In mathematics, an identity element is any mathematical object that, when applied by an operation such as addition or multiplication, to another mathematical object such as a number leaves the other object unchanged. The two most familiar examples are 0, which when added to a number gives the number; and 1, which is an identity element for multiplication. The identity element is sometimes also called a neutral element; and sometimes shortened to simply the term identity.

More formally, an identity element is defined with respect to a given operation and a given set of elements. For example, 0 is the identity element for addition of integers; 1 is the identity element for multiplication of real numbers. From these examples, it is clear that the operation must involve two elements, as addition does; and not a single element, as such operations as taking a power.

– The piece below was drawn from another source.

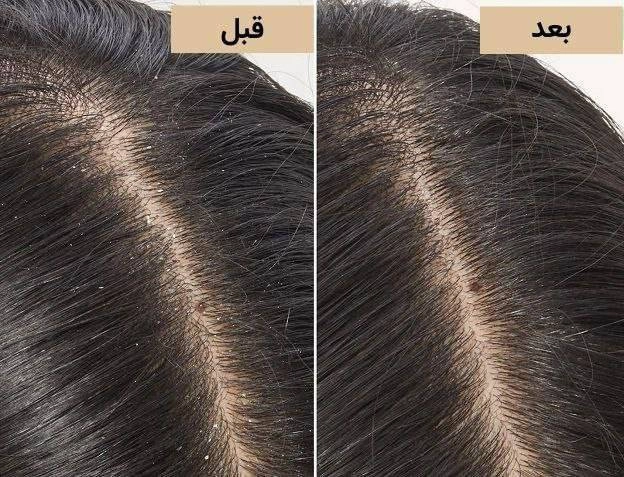 اسکراب کف سر بیوتین و کافئین TWG اصلی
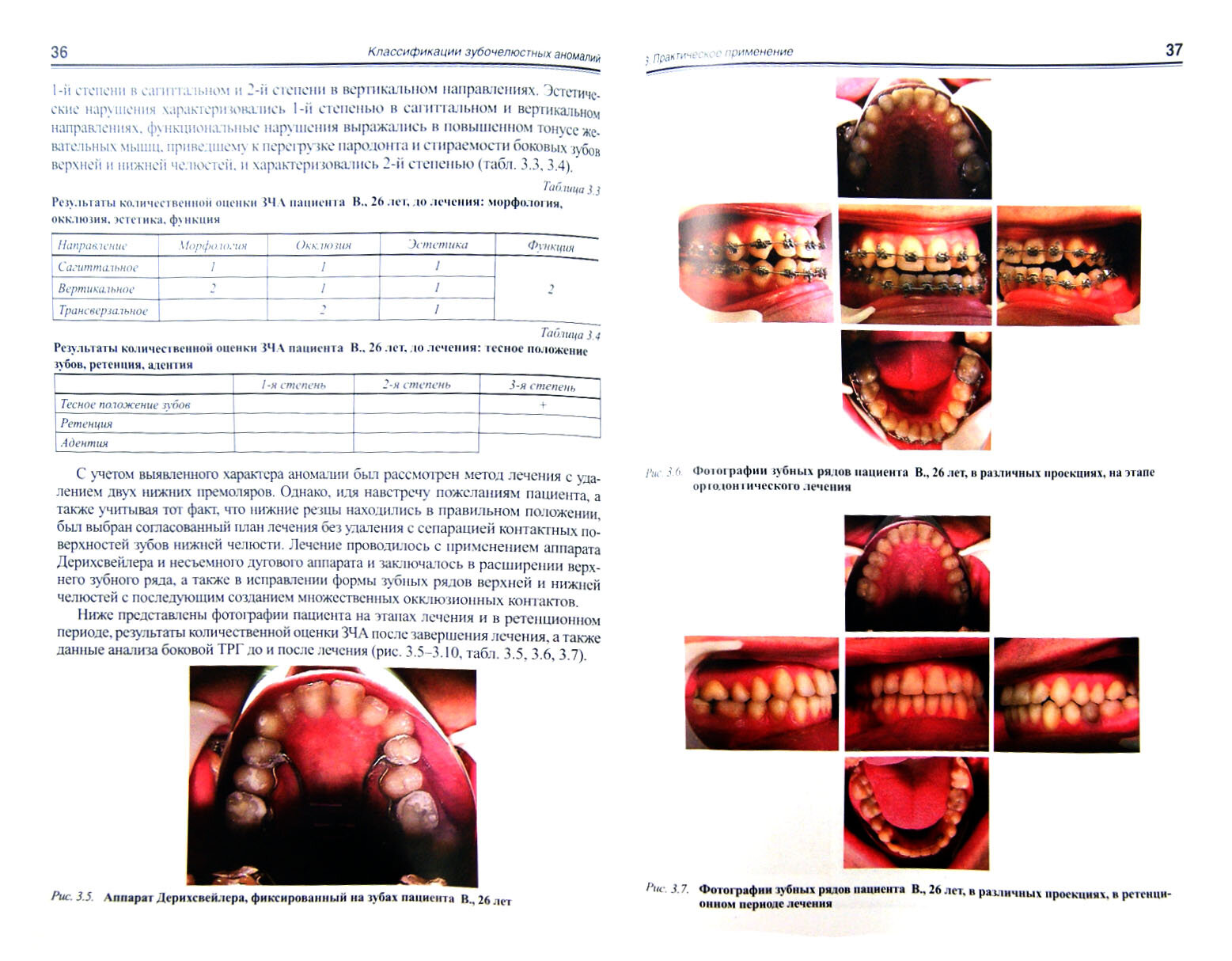 Классификации зубочелюстных аномалий. Система количественной оценки зубочелюстно-лицевых аномалий - фото №2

In equation format, let (T,*) be a set T (all natural numbers: {0, 1, 2, 3, .. .}) associated with a binary operation * (such as addition or multiplication, where * represents + or x, respectively). Suppose, f and a are elements of T. Then, f is an identity element, if f * a = a and a * f = a, for all a in T. As an example, if a = 2, f = 0, and * = +, then 0 + 2 = 2 and 2 + 0 = 2. Therefore, 0 is an identity element.

Sometimes a set does not have an identity element for some operation. For example, the set of even numbers has no identity element for multiplication, although there is an identity element for addition. Most mathematical systems require an identity element. For example, a group of transformations could not exist without an identity element; that is, the transformation that leaves an element of the group unchanged.